Mae Beavers and Mark Pody
From left: Mae Beavers and Mark Pody

Similar legislation has failed before, but right-wing lawmakers are trying again.

Bills that would ban same-sex marriage and restrict transgender public school students' access to restrooms have once again been introduced in the Tennessee legislature.

The marriage bill, titled the Natural Marriage Defense Act, would define marriage in the state as an exclusively male-female union, regardless of what any court decides, therefore saying the state would ignore the 2015 Supreme Court marriage equality ruling -- a move that would undoubtedly be found unconstitutional. The restroom bill, which doesn't appear to have a formal title, would require students to use restrooms and locker rooms designated for the gender on their birth certificate.

Similar bills have failed in the past, but that's not stopping far-right legislators from trying again. Both were introduced by Mark Pody in the Tennessee House of Representatives and Mae Beavers in the state Senate, the Nashville Scene reports. Both sponsored the similar marriage bill last year; Pody once said God had called him to stop same-sex marriages. The legislation was killed by a House subcommittee. Rep. Susan Lynn introduced the restroom bill last year, but eventually withdrew it, amid much public outcry against it.

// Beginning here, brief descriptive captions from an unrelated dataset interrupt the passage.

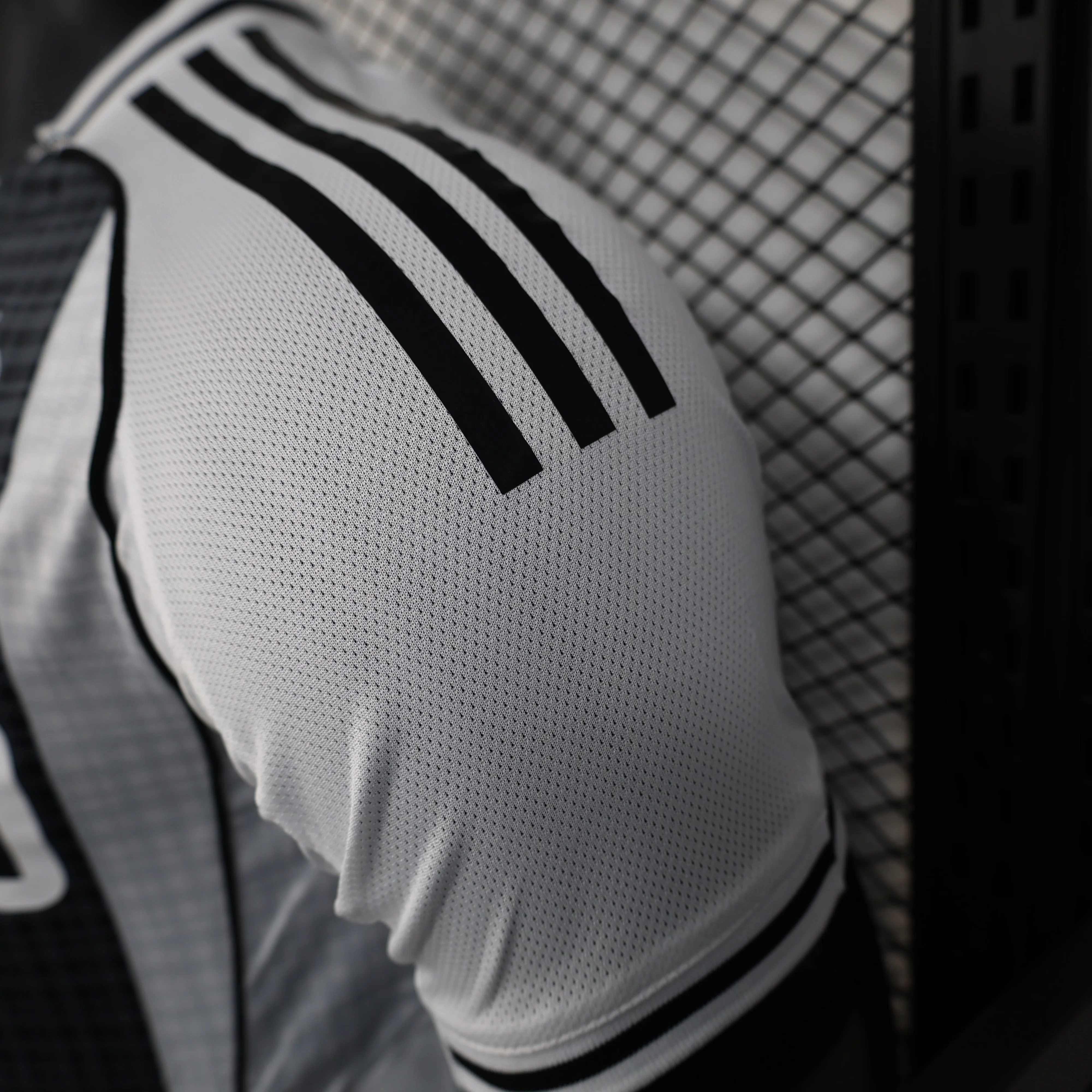 2025-26 Newcastle United Home S-2XL - Image 3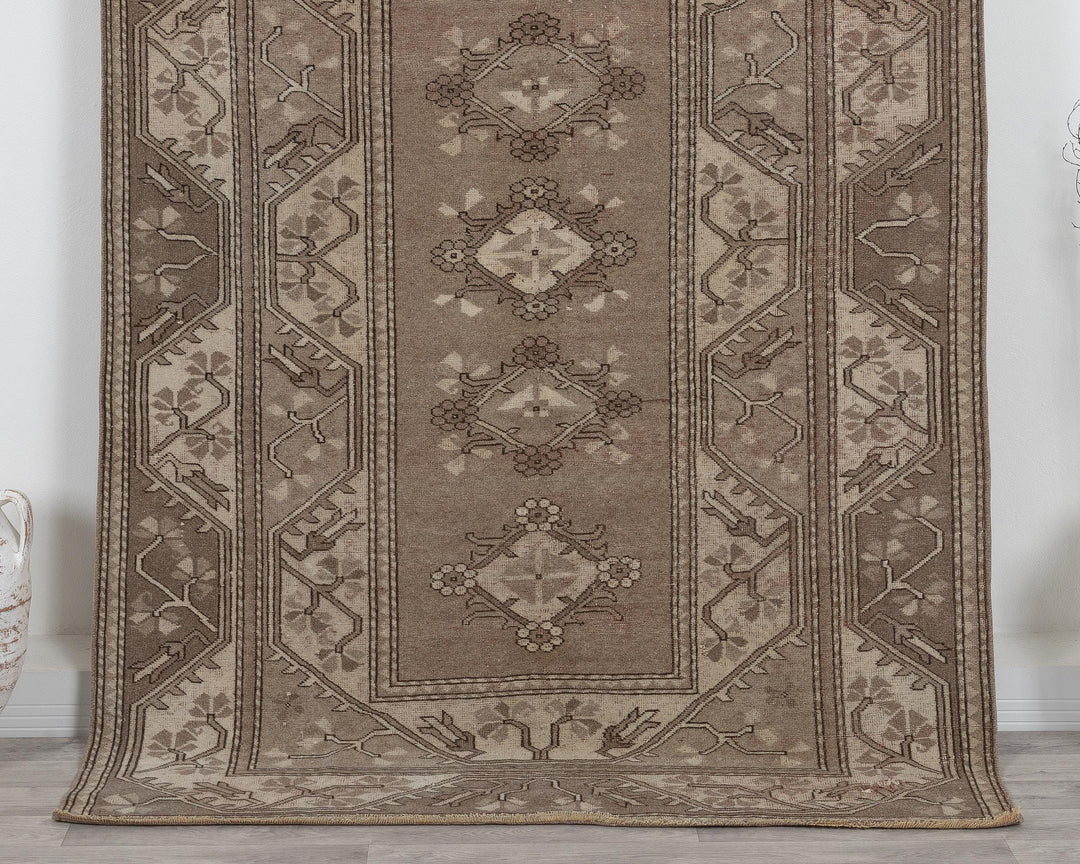 Beige Oushak Rug 5' 1" x 7' 9" | No. VR97075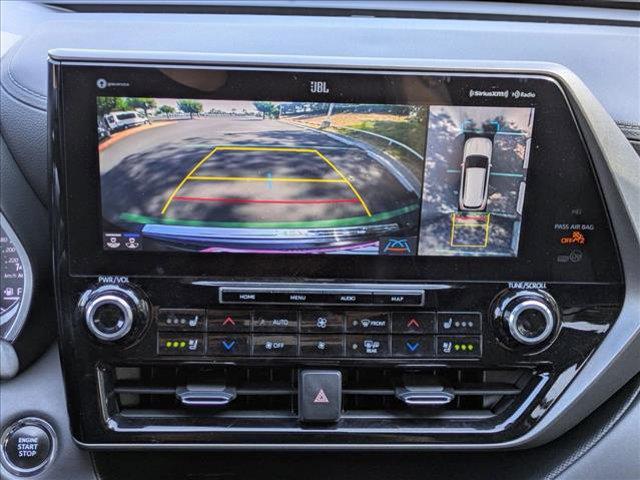 Photo of 2022 Opulent Amber Toyota Highlander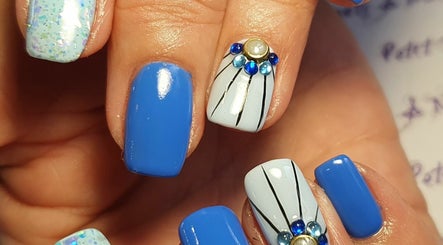 Petit Beauty and Nails изображение 2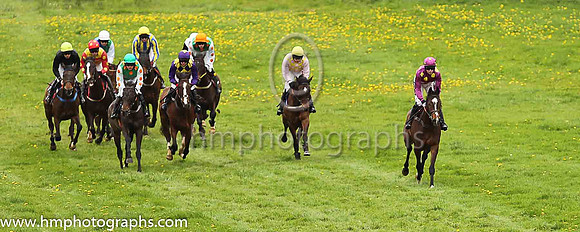 03rd RANGER KID and H D Dunne ( 32 , PURPLE,gold spots ) Trainer: Liam Kenny,, Owner : Patrick Joseph Redmond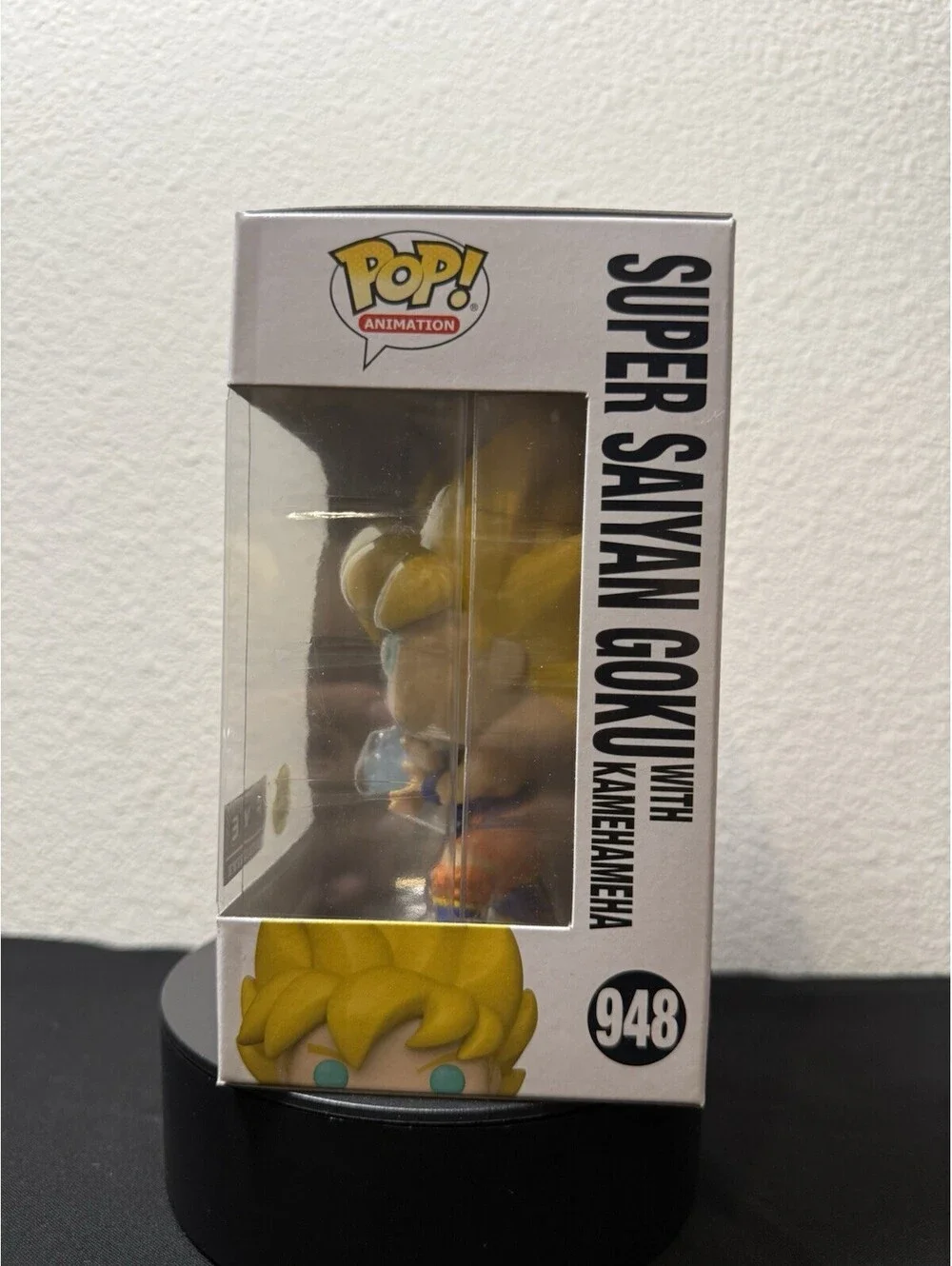 Funko POP! Dragon Ball Z #948 Super Saiyan Goku w/ Kamehameha GITD Exclusive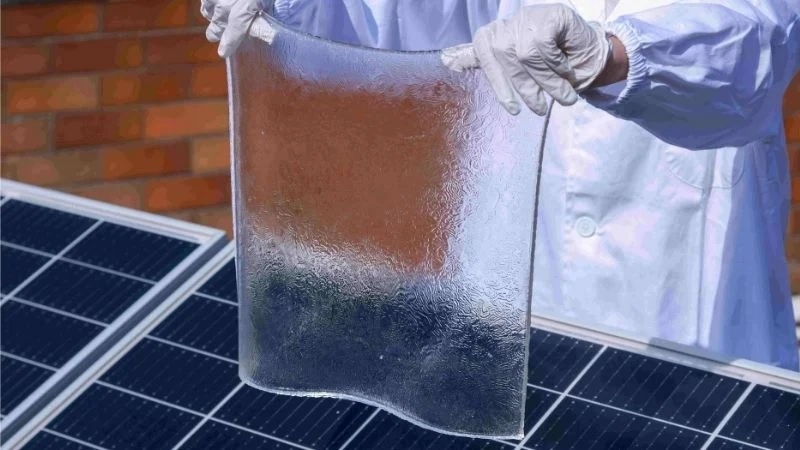 Гидрогелевое покрытие солнечной панели (фото: Гонконгский политехнический университет)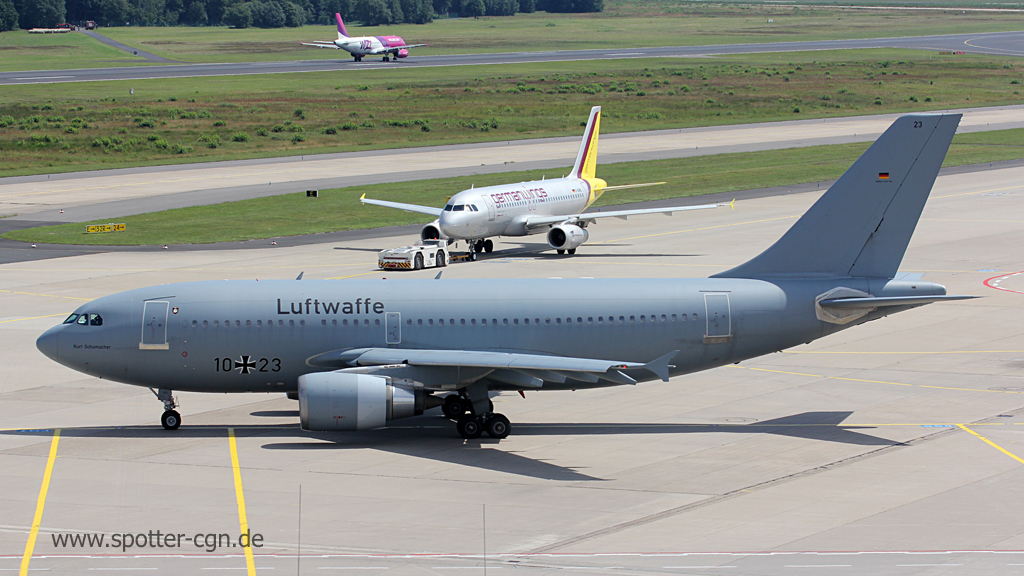 10+23 Airbus A310-304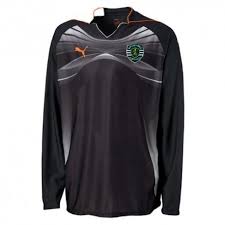 Sporting lissabon (officieel sporting clube de portugal en ook wel sporting portugal of kortweg sporting genoemd) is een portugese voetbalclub uit lissabon, uitkomend in de primeira liga. Sporting Lissabon Torwart Trikot Home 2010 11 Player Issue Authentische Rennen Puma Sportingplus Passion For Sport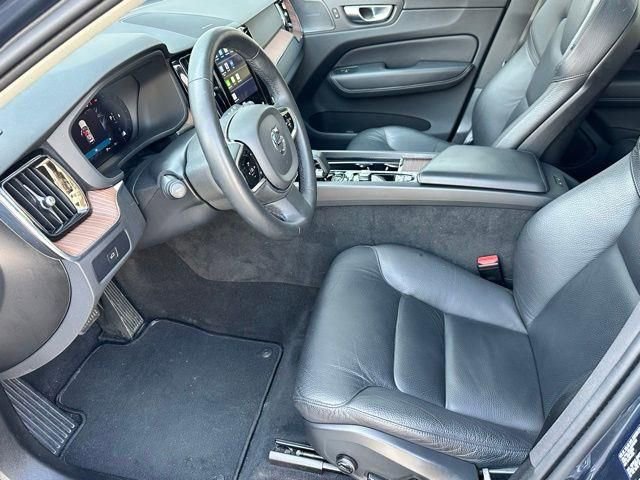 Used 2024 Volvo XC60 B5 Plus image 6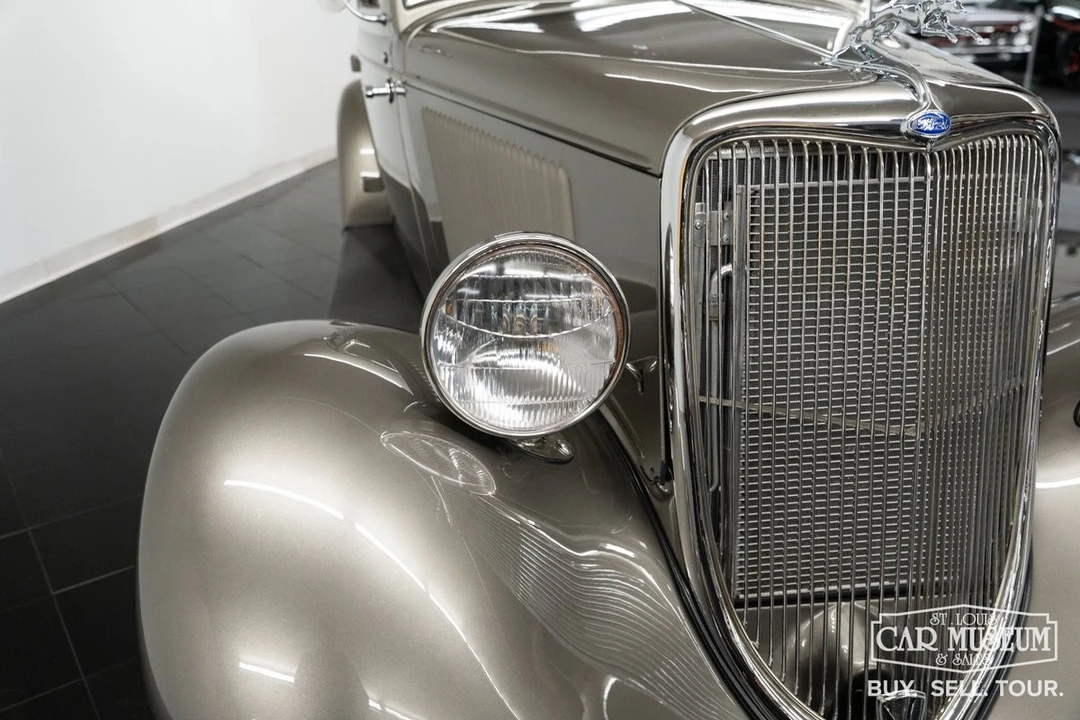 1934 Ford Model 18 & 40 - Image 9 of 21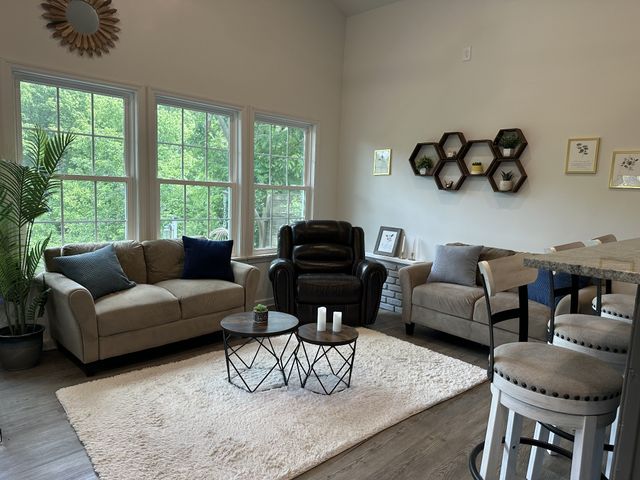 240 Fredonia Rd, Manchester, TN 37355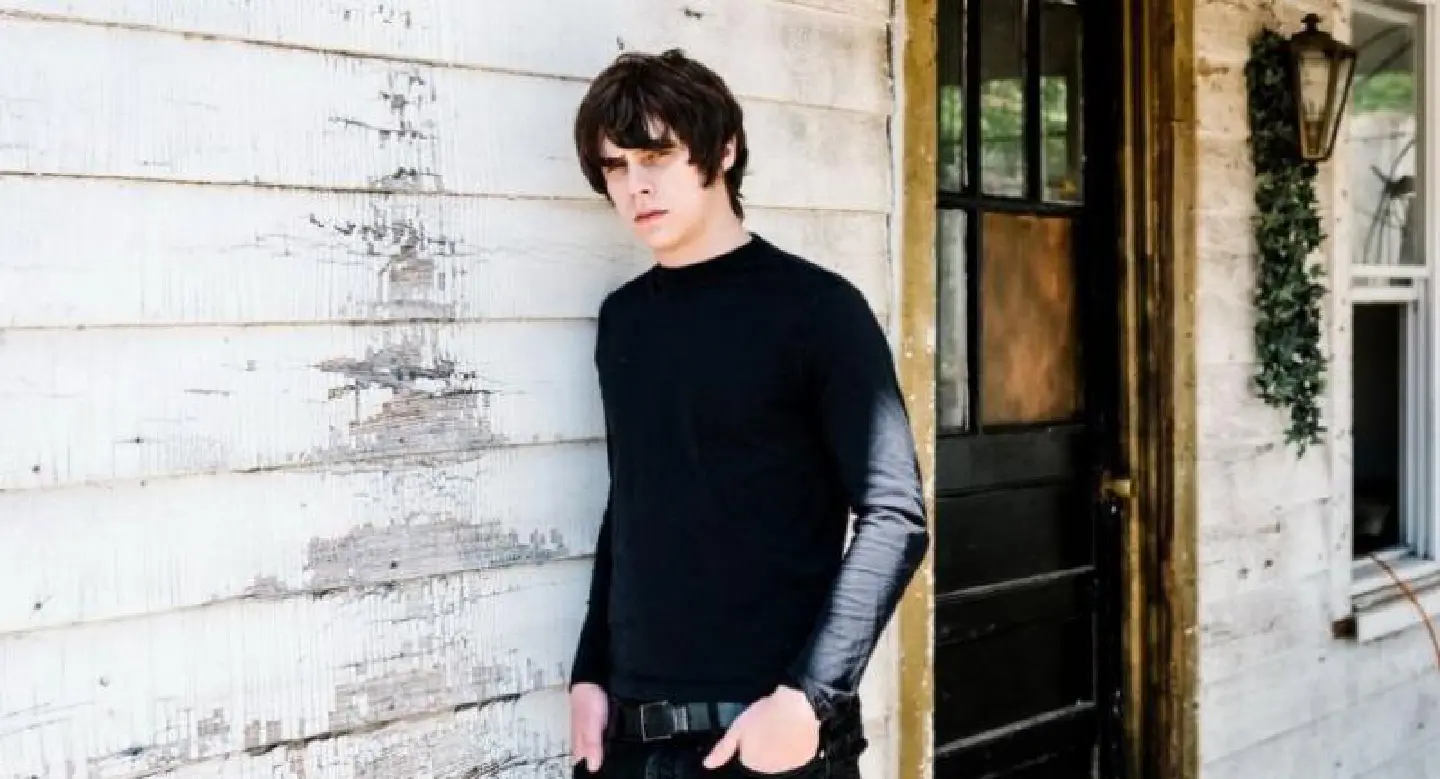 Sounds like Jake Bugg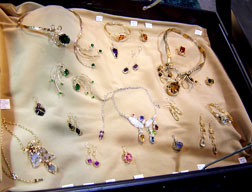 Wire Jewelry Display and Booth Ideas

Beavers and Pody are also sponsoring a "personhood" bill, which would entitle a fertilized egg to "all the legal and constitutional attributes and privileges of personhood," therefore outlawing abortion and some forms of contraception that prevent a fertilized egg from implanting in the womb.

"The good news is the marriage bill and personhood bills are almost certain to die in committee," the Scene reports. "The bathroom bill is less certain to die, but businesses -- and their lobbyists -- will most certainly sway some legislators who might be personally terrified by a trans threat but even more terrified by a future lack of PAC donations." The paper, an alternative weekly, used the term "trans threat" satirically.

Last year executives of 60 companies with operations in Tennessee sent state leaders a letter opposing the restroom bill, and the state's attorney general warned that it could result in Tennessee losing federal funding. And the backlash against a similar law in North Carolina was not lost on lawmakers either.

Regarding the new bill, "Obviously the personal impact on trans students is devastating," Chris Sanders, executive director of the Tennessee Equality Project, told The Tennessean, a Nashville daily. "What it will result in is them going to the wrong restroom or going to a special restroom that will out them as trans and stigmatize them or put a target on them for bullying."

"When transgender students go to the bathroom they do what everybody else does," he added. "They go to the bathroom. They're not trying to spy on somebody."

Opponents of both bills hoped to discuss them at a town hall meeting Pody and Beavers held Thursday night in Mount Juliet, a community in their district, but the lawmakers said they would deal only with the state gas tax in the session and would hold a press conference on the other legislation next week. Daryn Jackson, who attended the town hall with her girlfriend, expressed frustration.

"We have taken time out of our evenings and away from our families to come here," she said, according to Knoxville TV station WATE. "To voice some very real concerns we have about our families." Although the marriage issue has been settled nationally, she said, "I have friends that are rightfully concerned for their marriages."